**Work to complete**
Lines below starting with the line with "PinFolio GoPinPro Black" and going on through the line with "51 Bard Ave, Staten Island, NY 10310" must be output exactly; the rest of the records must be left out.

Source data:
━━━━━━━━━━━━━━━━━━━━━━━━━━━━━━
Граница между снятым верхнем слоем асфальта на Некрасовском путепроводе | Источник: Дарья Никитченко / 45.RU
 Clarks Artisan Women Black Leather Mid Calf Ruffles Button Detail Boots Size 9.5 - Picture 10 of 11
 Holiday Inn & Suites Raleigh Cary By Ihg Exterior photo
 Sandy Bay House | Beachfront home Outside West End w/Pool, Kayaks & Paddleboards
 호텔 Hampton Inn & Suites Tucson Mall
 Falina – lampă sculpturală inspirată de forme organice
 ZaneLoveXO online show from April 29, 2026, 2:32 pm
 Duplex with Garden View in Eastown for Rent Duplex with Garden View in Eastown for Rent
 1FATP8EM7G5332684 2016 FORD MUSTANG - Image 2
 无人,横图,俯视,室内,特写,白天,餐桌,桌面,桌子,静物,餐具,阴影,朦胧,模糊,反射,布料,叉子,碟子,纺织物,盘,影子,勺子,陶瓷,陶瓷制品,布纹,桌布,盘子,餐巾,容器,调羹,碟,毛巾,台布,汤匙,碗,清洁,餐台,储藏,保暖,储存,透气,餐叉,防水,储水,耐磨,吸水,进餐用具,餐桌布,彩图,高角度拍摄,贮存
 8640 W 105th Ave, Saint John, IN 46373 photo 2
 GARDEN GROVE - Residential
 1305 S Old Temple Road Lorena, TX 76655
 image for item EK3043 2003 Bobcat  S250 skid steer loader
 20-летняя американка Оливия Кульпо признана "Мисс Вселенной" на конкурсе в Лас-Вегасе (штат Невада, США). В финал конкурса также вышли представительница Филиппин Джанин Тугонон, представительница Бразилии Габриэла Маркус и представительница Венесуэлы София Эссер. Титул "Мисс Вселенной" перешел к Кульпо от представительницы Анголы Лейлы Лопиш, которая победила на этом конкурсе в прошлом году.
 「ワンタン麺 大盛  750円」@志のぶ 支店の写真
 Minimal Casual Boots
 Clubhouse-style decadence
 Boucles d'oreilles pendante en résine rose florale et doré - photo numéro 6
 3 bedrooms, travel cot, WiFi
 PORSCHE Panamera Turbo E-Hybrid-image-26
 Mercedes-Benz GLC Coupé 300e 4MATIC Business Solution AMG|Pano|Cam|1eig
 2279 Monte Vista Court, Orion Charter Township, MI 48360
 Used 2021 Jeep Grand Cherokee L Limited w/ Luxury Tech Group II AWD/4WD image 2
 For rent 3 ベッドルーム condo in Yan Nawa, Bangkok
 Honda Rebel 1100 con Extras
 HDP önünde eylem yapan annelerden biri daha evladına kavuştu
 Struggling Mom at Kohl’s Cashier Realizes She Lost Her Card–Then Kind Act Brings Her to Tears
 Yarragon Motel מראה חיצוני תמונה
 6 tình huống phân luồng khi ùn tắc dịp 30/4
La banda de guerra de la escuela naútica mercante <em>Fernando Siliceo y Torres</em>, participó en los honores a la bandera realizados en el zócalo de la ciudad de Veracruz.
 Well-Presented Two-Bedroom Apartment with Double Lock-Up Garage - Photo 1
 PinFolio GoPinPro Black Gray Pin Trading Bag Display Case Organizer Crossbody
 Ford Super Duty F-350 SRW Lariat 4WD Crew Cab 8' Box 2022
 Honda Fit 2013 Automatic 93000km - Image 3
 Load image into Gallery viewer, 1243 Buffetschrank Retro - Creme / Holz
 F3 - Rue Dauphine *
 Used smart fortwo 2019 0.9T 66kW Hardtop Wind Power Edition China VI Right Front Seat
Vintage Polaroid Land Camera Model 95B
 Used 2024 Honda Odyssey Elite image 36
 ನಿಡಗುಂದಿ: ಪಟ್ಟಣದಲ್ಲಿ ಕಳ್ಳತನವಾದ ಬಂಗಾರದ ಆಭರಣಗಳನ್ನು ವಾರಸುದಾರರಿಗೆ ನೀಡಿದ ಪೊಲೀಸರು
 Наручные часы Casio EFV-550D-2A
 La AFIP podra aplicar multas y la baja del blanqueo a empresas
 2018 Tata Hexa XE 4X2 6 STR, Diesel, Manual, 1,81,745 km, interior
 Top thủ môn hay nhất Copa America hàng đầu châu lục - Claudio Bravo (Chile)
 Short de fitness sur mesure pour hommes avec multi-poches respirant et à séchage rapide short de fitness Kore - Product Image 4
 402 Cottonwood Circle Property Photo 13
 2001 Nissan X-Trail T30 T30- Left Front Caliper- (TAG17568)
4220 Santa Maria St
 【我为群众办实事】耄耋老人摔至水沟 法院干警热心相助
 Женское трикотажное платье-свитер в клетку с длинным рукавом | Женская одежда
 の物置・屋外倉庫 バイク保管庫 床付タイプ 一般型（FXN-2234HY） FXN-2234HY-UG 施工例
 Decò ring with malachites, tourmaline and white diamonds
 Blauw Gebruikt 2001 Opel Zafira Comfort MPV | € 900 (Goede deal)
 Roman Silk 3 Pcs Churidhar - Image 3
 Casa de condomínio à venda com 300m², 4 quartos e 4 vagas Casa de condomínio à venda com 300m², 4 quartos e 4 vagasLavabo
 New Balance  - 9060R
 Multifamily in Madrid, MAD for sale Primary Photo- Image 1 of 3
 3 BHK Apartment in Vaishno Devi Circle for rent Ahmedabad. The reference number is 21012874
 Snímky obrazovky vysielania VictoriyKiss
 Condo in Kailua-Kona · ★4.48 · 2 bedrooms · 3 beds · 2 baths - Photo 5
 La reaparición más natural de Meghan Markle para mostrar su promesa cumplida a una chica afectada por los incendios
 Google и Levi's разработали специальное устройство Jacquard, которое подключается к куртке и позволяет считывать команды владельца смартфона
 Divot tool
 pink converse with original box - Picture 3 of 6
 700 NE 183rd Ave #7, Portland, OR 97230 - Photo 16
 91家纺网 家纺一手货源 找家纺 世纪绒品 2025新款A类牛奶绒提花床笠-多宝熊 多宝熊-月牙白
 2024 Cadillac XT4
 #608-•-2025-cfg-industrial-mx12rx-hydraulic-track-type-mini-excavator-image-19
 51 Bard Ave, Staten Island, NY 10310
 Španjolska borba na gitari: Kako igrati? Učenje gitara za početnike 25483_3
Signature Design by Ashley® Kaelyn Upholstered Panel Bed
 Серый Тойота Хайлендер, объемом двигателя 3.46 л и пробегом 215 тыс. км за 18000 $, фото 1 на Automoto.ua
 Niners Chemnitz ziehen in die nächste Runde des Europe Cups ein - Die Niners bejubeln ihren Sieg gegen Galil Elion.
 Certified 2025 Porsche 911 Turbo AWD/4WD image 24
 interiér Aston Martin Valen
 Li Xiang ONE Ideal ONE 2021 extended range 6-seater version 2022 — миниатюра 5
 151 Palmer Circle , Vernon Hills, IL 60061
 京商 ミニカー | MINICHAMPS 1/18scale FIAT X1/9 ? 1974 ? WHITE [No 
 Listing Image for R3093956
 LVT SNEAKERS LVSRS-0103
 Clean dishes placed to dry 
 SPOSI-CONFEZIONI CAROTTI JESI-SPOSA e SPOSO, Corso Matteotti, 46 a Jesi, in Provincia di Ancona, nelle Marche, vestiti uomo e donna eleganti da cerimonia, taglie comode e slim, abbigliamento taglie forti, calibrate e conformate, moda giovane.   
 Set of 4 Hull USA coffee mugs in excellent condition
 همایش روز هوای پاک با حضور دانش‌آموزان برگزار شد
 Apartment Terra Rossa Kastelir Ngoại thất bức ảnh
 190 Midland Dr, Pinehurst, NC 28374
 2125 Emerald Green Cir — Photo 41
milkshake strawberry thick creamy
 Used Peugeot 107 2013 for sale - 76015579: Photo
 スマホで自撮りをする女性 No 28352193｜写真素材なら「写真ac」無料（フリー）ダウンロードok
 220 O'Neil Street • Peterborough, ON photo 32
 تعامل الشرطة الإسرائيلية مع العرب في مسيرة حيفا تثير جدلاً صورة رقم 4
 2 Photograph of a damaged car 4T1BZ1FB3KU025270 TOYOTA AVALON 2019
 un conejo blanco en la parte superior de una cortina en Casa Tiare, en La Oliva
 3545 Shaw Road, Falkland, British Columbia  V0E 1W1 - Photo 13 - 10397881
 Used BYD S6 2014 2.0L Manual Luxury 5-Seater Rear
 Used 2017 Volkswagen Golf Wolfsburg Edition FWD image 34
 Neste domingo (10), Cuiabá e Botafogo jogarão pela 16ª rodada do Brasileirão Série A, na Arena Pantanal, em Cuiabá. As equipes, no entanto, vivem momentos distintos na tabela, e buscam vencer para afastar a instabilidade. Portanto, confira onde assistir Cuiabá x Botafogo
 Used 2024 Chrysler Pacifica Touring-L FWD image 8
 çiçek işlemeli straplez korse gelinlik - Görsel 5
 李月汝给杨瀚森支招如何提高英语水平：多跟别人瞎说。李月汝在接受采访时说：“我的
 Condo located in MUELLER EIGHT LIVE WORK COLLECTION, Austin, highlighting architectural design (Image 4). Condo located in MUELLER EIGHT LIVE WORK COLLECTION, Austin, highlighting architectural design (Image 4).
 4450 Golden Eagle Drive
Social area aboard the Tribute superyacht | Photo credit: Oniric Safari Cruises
━━━━━━━━━━━━━━━━━━━━━━━━━━━━━━
**Exercise response**
 PinFolio GoPinPro Black Gray Pin Trading Bag Display Case Organizer Crossbody
 Ford Super Duty F-350 SRW Lariat 4WD Crew Cab 8' Box 2022
 Honda Fit 2013 Automatic 93000km - Image 3
 Load image into Gallery viewer, 1243 Buffetschrank Retro - Creme / Holz
 F3 - Rue Dauphine *
 Used smart fortwo 2019 0.9T 66kW Hardtop Wind Power Edition China VI Right Front Seat
Vintage Polaroid Land Camera Model 95B
 Used 2024 Honda Odyssey Elite image 36
 ನಿಡಗುಂದಿ: ಪಟ್ಟಣದಲ್ಲಿ ಕಳ್ಳತನವಾದ ಬಂಗಾರದ ಆಭರಣಗಳನ್ನು ವಾರಸುದಾರರಿಗೆ ನೀಡಿದ ಪೊಲೀಸರು
 Наручные часы Casio EFV-550D-2A
 La AFIP podra aplicar multas y la baja del blanqueo a empresas
 2018 Tata Hexa XE 4X2 6 STR, Diesel, Manual, 1,81,745 km, interior
 Top thủ môn hay nhất Copa America hàng đầu châu lục - Claudio Bravo (Chile)
 Short de fitness sur mesure pour hommes avec multi-poches respirant et à séchage rapide short de fitness Kore - Product Image 4
 402 Cottonwood Circle Property Photo 13
 2001 Nissan X-Trail T30 T30- Left Front Caliper- (TAG17568)
4220 Santa Maria St
 【我为群众办实事】耄耋老人摔至水沟 法院干警热心相助
 Женское трикотажное платье-свитер в клетку с длинным рукавом | Женская одежда
 の物置・屋外倉庫 バイク保管庫 床付タイプ 一般型（FXN-2234HY） FXN-2234HY-UG 施工例
 Decò ring with malachites, tourmaline and white diamonds
 Blauw Gebruikt 2001 Opel Zafira Comfort MPV | € 900 (Goede deal)
 Roman Silk 3 Pcs Churidhar - Image 3
 Casa de condomínio à venda com 300m², 4 quartos e 4 vagas Casa de condomínio à venda com 300m², 4 quartos e 4 vagasLavabo
 New Balance  - 9060R
 Multifamily in Madrid, MAD for sale Primary Photo- Image 1 of 3
 3 BHK Apartment in Vaishno Devi Circle for rent Ahmedabad. The reference number is 21012874
 Snímky obrazovky vysielania VictoriyKiss
 Condo in Kailua-Kona · ★4.48 · 2 bedrooms · 3 beds · 2 baths - Photo 5
 La reaparición más natural de Meghan Markle para mostrar su promesa cumplida a una chica afectada por los incendios
 Google и Levi's разработали специальное устройство Jacquard, которое подключается к куртке и позволяет считывать команды владельца смартфона
 Divot tool
 pink converse with original box - Picture 3 of 6
 700 NE 183rd Ave #7, Portland, OR 97230 - Photo 16
 91家纺网 家纺一手货源 找家纺 世纪绒品 2025新款A类牛奶绒提花床笠-多宝熊 多宝熊-月牙白
 2024 Cadillac XT4
 #608-•-2025-cfg-industrial-mx12rx-hydraulic-track-type-mini-excavator-image-19
 51 Bard Ave, Staten Island, NY 10310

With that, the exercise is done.